We've just released Dataedo version 25.1.0! Take a look at this release's highlights:
Data Quality
Custom SQL rule
In version 24.4, we introduced a Data Quality module with predefined rules, allowing you to assign over 80 rules to your columns. In this version, we're adding the option to create custom rules using SQL queries. This gives you the flexibility to test anything you need and design rules tailored to your specific requirements. Read on to learn how to grant permissions for creating custom SQL rules and how to set them up.

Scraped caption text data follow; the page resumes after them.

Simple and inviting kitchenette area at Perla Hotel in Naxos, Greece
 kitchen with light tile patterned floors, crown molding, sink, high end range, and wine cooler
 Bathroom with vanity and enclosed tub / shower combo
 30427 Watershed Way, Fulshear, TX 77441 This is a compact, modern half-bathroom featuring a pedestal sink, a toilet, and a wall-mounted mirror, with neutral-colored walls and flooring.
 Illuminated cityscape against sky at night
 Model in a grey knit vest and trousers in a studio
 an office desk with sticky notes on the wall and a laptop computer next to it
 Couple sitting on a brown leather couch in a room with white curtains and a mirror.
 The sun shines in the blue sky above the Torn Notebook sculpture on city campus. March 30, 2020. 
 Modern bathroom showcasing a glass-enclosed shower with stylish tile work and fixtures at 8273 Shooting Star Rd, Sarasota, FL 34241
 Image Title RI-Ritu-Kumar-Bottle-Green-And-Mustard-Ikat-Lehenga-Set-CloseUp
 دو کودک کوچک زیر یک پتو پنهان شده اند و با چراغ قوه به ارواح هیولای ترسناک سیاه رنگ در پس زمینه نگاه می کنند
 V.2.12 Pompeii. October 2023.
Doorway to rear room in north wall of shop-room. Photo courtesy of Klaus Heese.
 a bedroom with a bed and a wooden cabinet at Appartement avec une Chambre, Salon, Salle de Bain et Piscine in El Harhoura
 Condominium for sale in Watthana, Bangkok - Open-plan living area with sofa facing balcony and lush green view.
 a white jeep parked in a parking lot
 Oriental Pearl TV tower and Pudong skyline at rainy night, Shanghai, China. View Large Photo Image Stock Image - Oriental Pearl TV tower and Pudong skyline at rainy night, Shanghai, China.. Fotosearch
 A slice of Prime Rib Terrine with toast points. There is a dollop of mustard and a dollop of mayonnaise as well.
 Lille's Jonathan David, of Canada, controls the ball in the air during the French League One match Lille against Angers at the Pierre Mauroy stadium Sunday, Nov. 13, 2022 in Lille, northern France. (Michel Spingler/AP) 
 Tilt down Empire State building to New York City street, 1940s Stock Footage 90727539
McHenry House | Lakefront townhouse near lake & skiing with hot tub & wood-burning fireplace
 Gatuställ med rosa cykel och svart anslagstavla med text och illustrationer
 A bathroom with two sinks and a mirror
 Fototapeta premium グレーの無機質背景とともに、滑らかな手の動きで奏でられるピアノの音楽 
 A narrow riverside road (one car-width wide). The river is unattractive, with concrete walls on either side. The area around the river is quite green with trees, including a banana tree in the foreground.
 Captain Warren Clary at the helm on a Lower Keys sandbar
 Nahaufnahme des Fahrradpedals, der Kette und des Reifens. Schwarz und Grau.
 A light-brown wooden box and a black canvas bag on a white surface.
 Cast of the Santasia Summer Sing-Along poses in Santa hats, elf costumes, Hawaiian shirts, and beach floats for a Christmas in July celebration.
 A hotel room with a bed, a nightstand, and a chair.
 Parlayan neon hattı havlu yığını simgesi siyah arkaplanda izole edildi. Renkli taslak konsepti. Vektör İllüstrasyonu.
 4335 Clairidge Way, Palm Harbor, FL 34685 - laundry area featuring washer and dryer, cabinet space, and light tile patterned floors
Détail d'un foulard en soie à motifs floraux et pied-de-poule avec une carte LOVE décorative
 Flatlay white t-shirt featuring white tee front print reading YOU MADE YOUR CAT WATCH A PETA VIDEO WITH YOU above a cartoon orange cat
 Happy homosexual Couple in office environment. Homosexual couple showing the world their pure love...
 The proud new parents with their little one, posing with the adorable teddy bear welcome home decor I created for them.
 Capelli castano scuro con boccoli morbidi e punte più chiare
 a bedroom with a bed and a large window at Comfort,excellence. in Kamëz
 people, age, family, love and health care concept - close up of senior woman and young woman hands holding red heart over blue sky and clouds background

Custom SQL rule - permissions
Custom rules allow direct querying of your data. To ensure security and restrict access to authorized users, we’ve introduced a new role: Power Data Steward. This role is required to create and manage custom SQL queries. It includes all Data Steward capabilities, plus the additional Manage External Queries
role action.
Custom SQL rule - creation flow
The entry point is the same as for predefined rules. Click the CTA button to create a rule instance, either in Data Governance → Data Quality → Rule Instances or directly on a table or column.
If you have the required Power Data Steward role, a popup will appear, prompting you to choose between a predefined rule from the rule list or a Custom SQL Rule. This time, select Custom SQL Rule.
The first step in creating a custom rule is defining the database and entering the SQL query.
Start by selecting the data source where the SQL rule will be applied. A dropdown menu will display the available data sources, restricted to those permitted for Data Quality execution.
Next, define the Custom SQL Rule by entering your SQL query in the provided text area. This input field allows you to enter a custom SQL query that defines the condition to be checked by the rule. The query you provide should return the rows that do not meet the specified data quality criteria, marking them as incorrect. The rule will be applied to the data filtered by the WHERE clause of your query. Any rows that are returned by the query will be flagged as failed during the rule execution, helping you identify and address data quality issues effectively.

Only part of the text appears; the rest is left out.